Records from a dataset:
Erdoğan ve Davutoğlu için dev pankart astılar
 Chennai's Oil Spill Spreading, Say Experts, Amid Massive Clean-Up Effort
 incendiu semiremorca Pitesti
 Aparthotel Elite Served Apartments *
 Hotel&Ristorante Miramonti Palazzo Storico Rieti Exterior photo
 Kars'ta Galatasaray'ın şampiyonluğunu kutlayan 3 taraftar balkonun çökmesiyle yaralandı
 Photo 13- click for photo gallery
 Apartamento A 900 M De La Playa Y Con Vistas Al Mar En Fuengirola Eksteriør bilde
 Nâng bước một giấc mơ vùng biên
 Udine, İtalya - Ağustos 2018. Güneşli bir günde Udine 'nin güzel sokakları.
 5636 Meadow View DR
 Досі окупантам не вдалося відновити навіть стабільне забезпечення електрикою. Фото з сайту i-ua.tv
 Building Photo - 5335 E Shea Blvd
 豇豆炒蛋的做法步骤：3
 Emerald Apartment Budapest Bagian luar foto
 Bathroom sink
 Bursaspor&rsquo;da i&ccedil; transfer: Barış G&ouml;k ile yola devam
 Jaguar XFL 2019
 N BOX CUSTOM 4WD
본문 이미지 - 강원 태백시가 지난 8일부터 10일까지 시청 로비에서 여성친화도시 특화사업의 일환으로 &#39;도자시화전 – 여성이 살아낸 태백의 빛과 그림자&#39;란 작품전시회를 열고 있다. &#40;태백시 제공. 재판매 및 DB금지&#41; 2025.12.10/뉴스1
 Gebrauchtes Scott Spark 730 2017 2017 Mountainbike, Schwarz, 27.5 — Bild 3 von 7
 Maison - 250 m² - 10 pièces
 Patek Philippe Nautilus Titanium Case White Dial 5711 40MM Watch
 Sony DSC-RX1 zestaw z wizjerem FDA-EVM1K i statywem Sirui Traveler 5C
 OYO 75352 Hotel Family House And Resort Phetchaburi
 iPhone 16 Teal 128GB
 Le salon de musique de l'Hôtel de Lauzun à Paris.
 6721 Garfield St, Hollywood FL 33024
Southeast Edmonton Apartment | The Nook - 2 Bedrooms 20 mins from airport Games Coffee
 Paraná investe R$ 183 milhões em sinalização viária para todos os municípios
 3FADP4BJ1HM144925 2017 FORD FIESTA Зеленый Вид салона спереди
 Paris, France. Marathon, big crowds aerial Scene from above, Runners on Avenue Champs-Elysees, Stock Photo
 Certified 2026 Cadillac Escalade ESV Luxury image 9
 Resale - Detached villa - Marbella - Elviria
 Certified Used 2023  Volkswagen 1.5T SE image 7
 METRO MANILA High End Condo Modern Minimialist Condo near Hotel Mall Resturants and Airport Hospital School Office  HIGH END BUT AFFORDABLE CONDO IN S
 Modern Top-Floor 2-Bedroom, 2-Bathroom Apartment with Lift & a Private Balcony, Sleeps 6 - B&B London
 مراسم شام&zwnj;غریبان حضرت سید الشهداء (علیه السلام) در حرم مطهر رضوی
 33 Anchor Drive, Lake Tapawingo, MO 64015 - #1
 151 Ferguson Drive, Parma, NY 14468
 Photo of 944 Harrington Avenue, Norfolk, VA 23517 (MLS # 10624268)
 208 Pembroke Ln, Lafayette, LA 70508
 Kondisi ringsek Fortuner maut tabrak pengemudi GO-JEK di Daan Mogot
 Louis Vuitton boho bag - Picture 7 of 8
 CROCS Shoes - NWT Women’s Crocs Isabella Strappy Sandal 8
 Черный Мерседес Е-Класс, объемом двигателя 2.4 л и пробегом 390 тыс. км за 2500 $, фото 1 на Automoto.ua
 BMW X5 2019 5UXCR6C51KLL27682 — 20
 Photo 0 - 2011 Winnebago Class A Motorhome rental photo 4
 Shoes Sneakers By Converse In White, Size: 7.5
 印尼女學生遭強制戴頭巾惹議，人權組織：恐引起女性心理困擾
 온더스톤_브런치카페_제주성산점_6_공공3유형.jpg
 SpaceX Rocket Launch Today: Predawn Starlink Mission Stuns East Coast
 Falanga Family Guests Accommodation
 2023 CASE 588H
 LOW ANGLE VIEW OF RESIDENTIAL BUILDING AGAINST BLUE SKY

• Assigned task: Please copy each line of the records above that holds the word "Drive".

• Completed task:
 33 Anchor Drive, Lake Tapawingo, MO 64015 - #1
 151 Ferguson Drive, Parma, NY 14468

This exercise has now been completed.